(Short descriptive text snippets)
══════

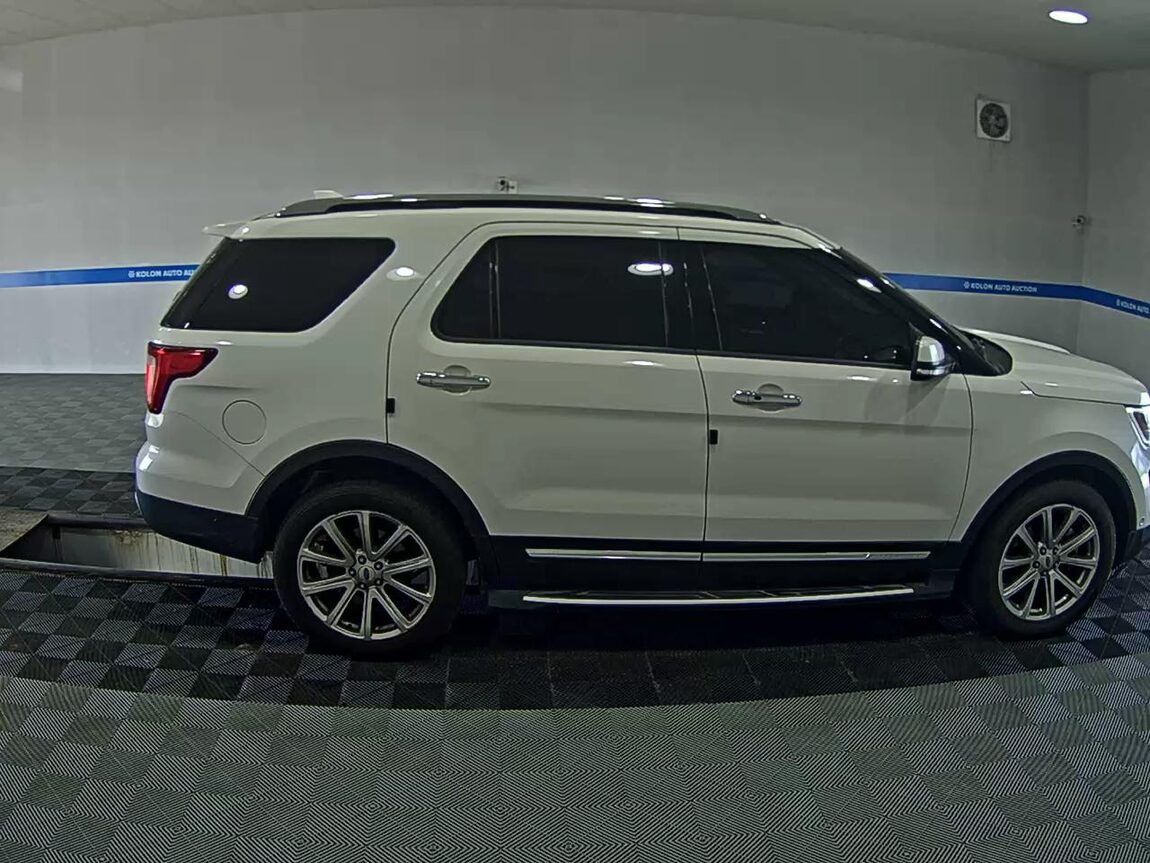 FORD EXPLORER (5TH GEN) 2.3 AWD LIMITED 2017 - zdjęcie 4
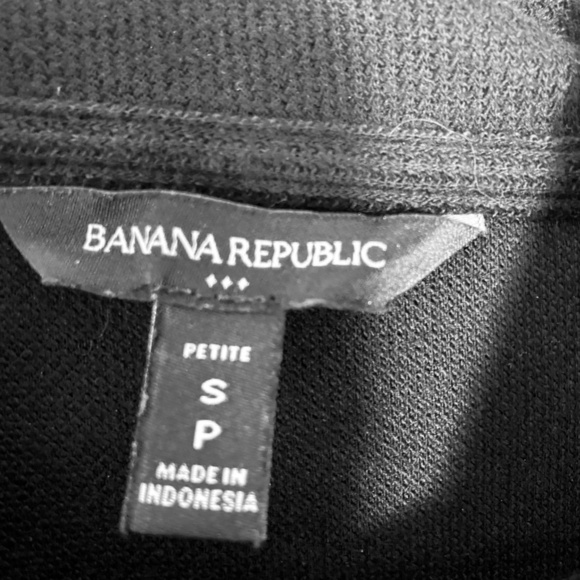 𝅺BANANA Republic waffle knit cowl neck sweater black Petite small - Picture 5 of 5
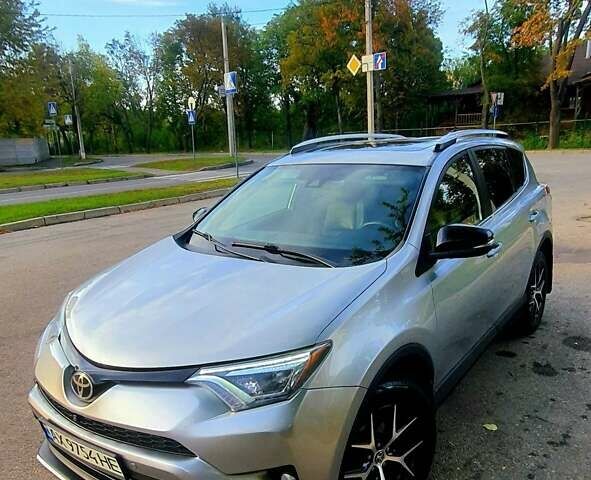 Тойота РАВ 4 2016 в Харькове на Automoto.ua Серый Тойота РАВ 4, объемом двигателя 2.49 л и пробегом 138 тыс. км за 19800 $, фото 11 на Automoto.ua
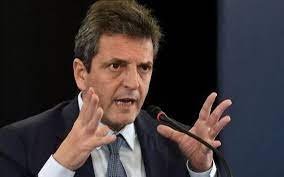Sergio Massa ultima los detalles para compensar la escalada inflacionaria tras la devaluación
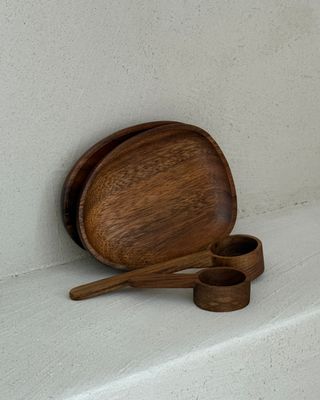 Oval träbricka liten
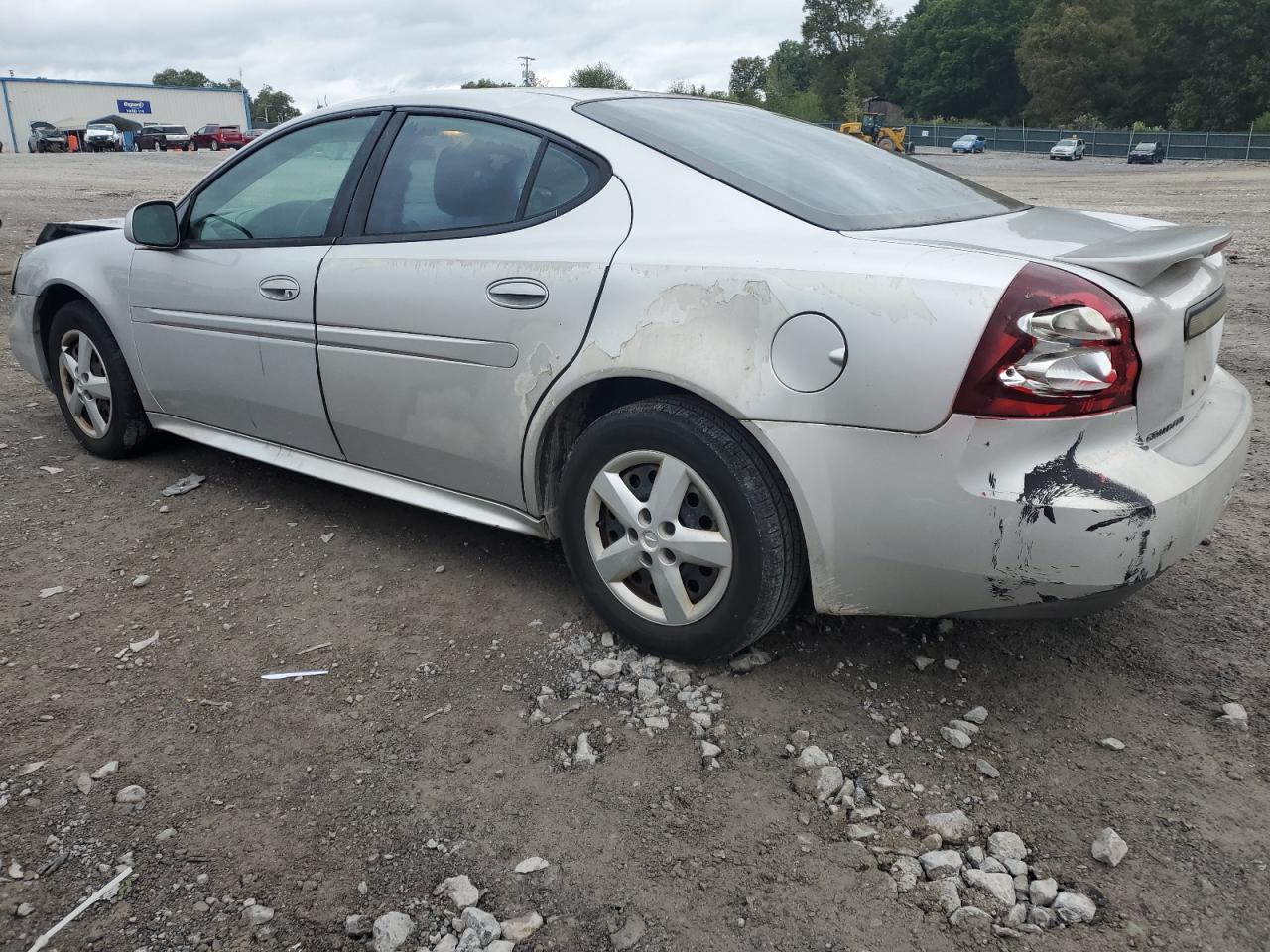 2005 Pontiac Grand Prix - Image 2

══════

> [WHAT IS BEING ASKED]:
With all pictures excluded, output exactly the lines from the one containing "Sergio Massa ultima" through the final line of the entries, inclusive.

> [PROBLEM SOLUTION]:
Sergio Massa ultima los detalles para compensar la escalada inflacionaria tras la devaluación
 Oval träbricka liten
 2005 Pontiac Grand Prix - Image 2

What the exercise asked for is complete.